Ribbit Contributes Voice Conferencing, Messaging to Google Wave
Google's long anticipated Wave online collaboration tool is going live with voice functions supplied by Ribbit. Wave lets users communicate via rich text, maps, photos, video and other means. Ribbit's contribution will let them talk and exchange voice messages as well. As such, it makes voice communication an integrated part of a larger collaboration process.
A Wave session is a sort of multimedia document that changes in real time. Participants can add or change content at any time, with their changes instantly visible to other participants. They can also later play back the session to see who did what, and when they did it. Ribbit adds voice to the process through two gadgets.
The first, Ribbit's conferencing gadget, allows the creation of audio connections among the participants. Users can bring non-Wave participants into the audio sessions as well. They can also hold, mute or disconnect participants. But although both the audio and the messaging and other onscreen activities happen in real time, the audio is not part of the ongoing Wave document.

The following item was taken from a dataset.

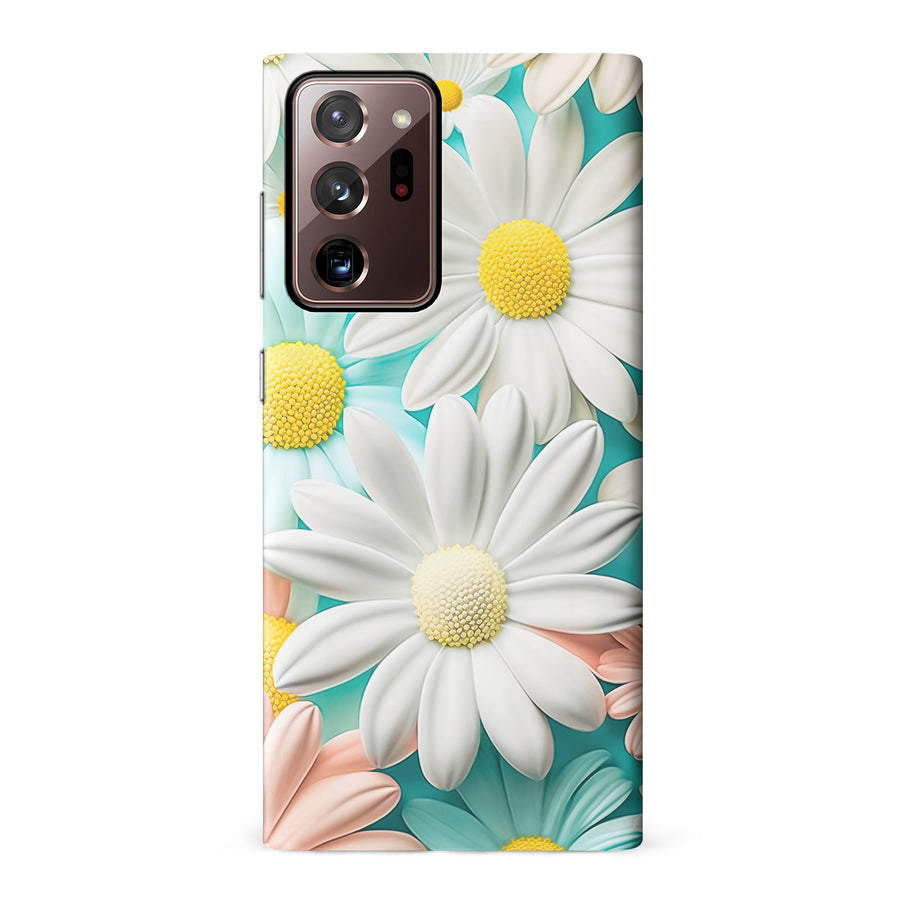 Samsung Galaxy Note 20 Ultra Floral Phone Case in White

With the Ribbit message gadget, by contrast, participants call a dial-in number and leave voice messages. The gadget provides speech-to-text transcription as well as the MP3 audio itself. And unlike with the conferencing gadget, the messages are embedded in the Wave session itself for later access during playback.
The gadgets' role in Wave exemplifies an ongoing trend towards turning voice communication into just one part of larger applications and services. In many cases, it might not even be the most important part. As such, the trend represents a radical change from the past, in which voice was a self-contained service of its own, taking place separately from every other activity.